Because Kenny has been so adamant about Tami keeping the girls away from him and has given that as his reason for lack of involvement; I asked Tami if she intentionally or maybe even subconsciously kept him away from the kids.
“Again, by the time we divorced it [our communication with each other] was really bad. Now we had to try to co-parent and make arrangements for my daughters, who were only 6 and 4 at the time, to see their dad. Kenny wanted me to put my 6 and 4 year old on a plane by themselves and fly them to wherever he was, and I wasn’t okay with that. So, in his mind, I was keeping the kids away from him. In my mind, I was just being a mother and looking out for my children. And so, we could never come to a happy medium,” Tami explained.
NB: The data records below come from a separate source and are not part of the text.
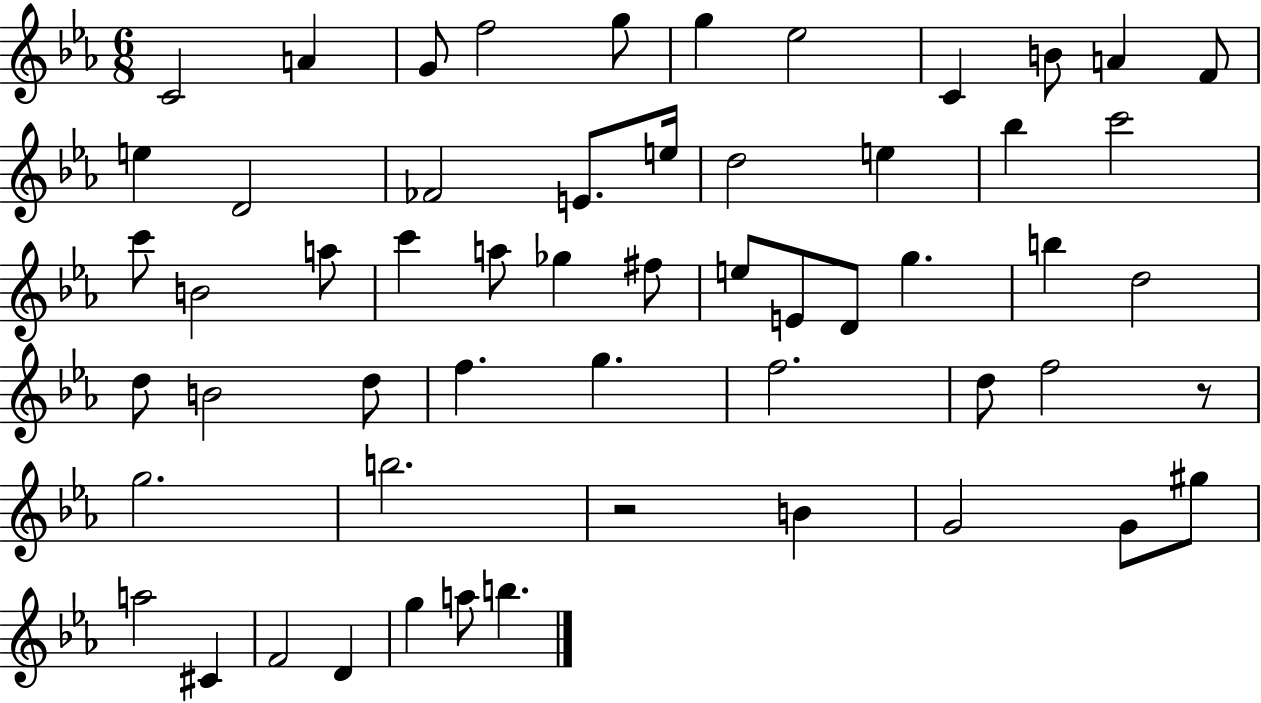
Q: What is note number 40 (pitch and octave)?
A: D5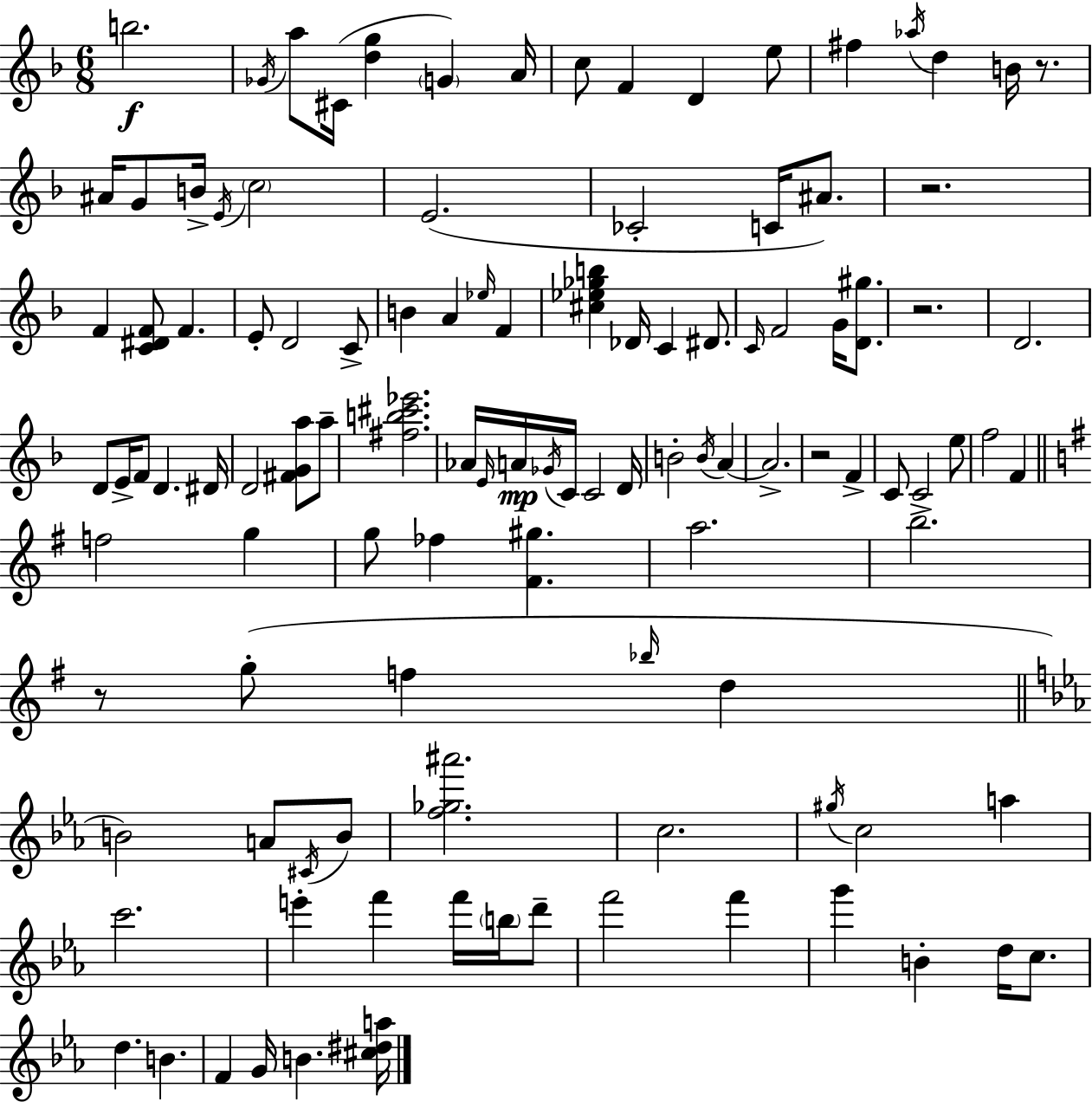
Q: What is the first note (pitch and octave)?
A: B5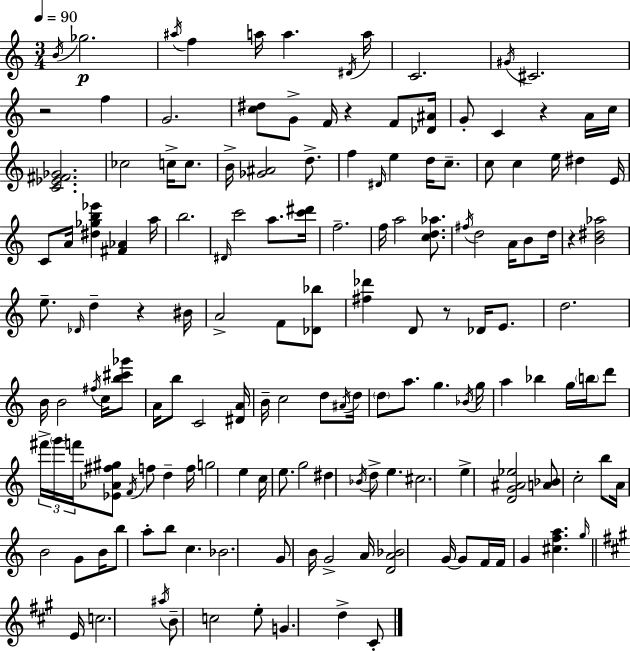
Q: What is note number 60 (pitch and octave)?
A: D5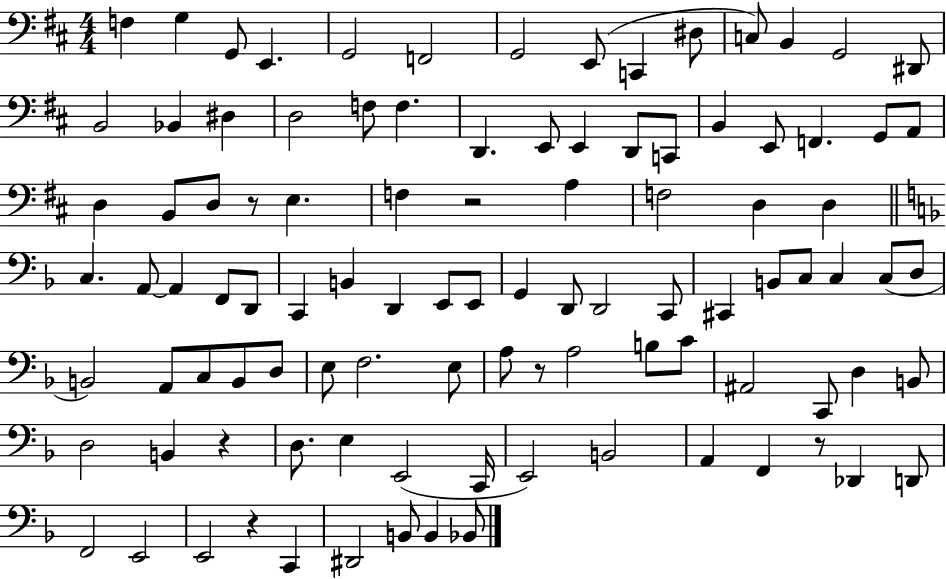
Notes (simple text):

F3/q G3/q G2/e E2/q. G2/h F2/h G2/h E2/e C2/q D#3/e C3/e B2/q G2/h D#2/e B2/h Bb2/q D#3/q D3/h F3/e F3/q. D2/q. E2/e E2/q D2/e C2/e B2/q E2/e F2/q. G2/e A2/e D3/q B2/e D3/e R/e E3/q. F3/q R/h A3/q F3/h D3/q D3/q C3/q. A2/e A2/q F2/e D2/e C2/q B2/q D2/q E2/e E2/e G2/q D2/e D2/h C2/e C#2/q B2/e C3/e C3/q C3/e D3/e B2/h A2/e C3/e B2/e D3/e E3/e F3/h. E3/e A3/e R/e A3/h B3/e C4/e A#2/h C2/e D3/q B2/e D3/h B2/q R/q D3/e. E3/q E2/h C2/s E2/h B2/h A2/q F2/q R/e Db2/q D2/e F2/h E2/h E2/h R/q C2/q D#2/h B2/e B2/q Bb2/e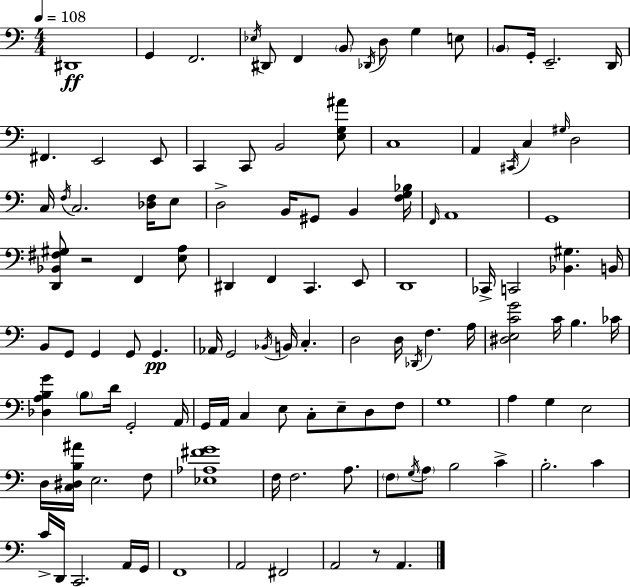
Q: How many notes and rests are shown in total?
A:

Moving forward Tami expressed how she wanted her daughters and Kenny to continue to develop some type of relationship. Although she’s grateful that they have began to do so, she is realistic and knows that it will take baby steps to eventually get to her desired outcome, and that is that Lyric and Jazz will truly know their father as a person and not just in name only.
The Downfall
During the first couple of episodes of Basketball Wives, Tami candidly spoke about going from wife of a professional basketball player to single mother on welfare. During our interview she went on to explain that although she did sign a prenuptial agreement prior to marrying Kenny, that basically said, “what you came with is what you’re leaving with,” that agreement did not apply to their daughters. Kenny did pay a large monthly sum of money for Lyric and Jazz post divorce, for a period of time. However, she admitted that she did not make good financial decisions because she was trying to maintain the lifestyle that she had when she was married to their father; not understanding that the reality was that she was no longer married to their father. Tami described how she let a lot of people take control of her life and in turn, wasn’t making proper maternal decisions for her daughters.
“People would say things like, ‘you can’t live in that house, you need this house,’ or ‘your kids don’t need to be shopping at Target.’ And I allowed all of that to alter my perception of my real reality and that was that I was divorced and a single mother.”
Tami tried to maintain a lifestyle that she admits she didn’t necessarily need and looked up one day and the funds were depleted. Roman holds herself accountable for her financial crisis and insists that she does not blame Kenny for it. She explained that if she had managed her finances the way she should have before Kenny stopped paying child support, there would not have been a downfall, but she didn’t and takes sole responsibility for it.
Basketball Wives
Tami expressed that she was actually approached by VH1 for the first season of Basketball Wives but turned it down because she had worked for 10 years trying to distance herself from the whole reality television genre. She had actually re-entered into corporate America as a financial analyst and would have rather done that than another reality show. However, as she prayed about her journey and what God wanted her to learn from it, she decided that it would be a great opportunity to be a living testimony. She explained how it took her moving through her storm to realize that Kenny was not to blame for everything that has happened to her, but she had to be accountable for her mistakes after their marriage. As a result, she thought that she could perhaps educate others who have experienced or are experiencing similar circumstances.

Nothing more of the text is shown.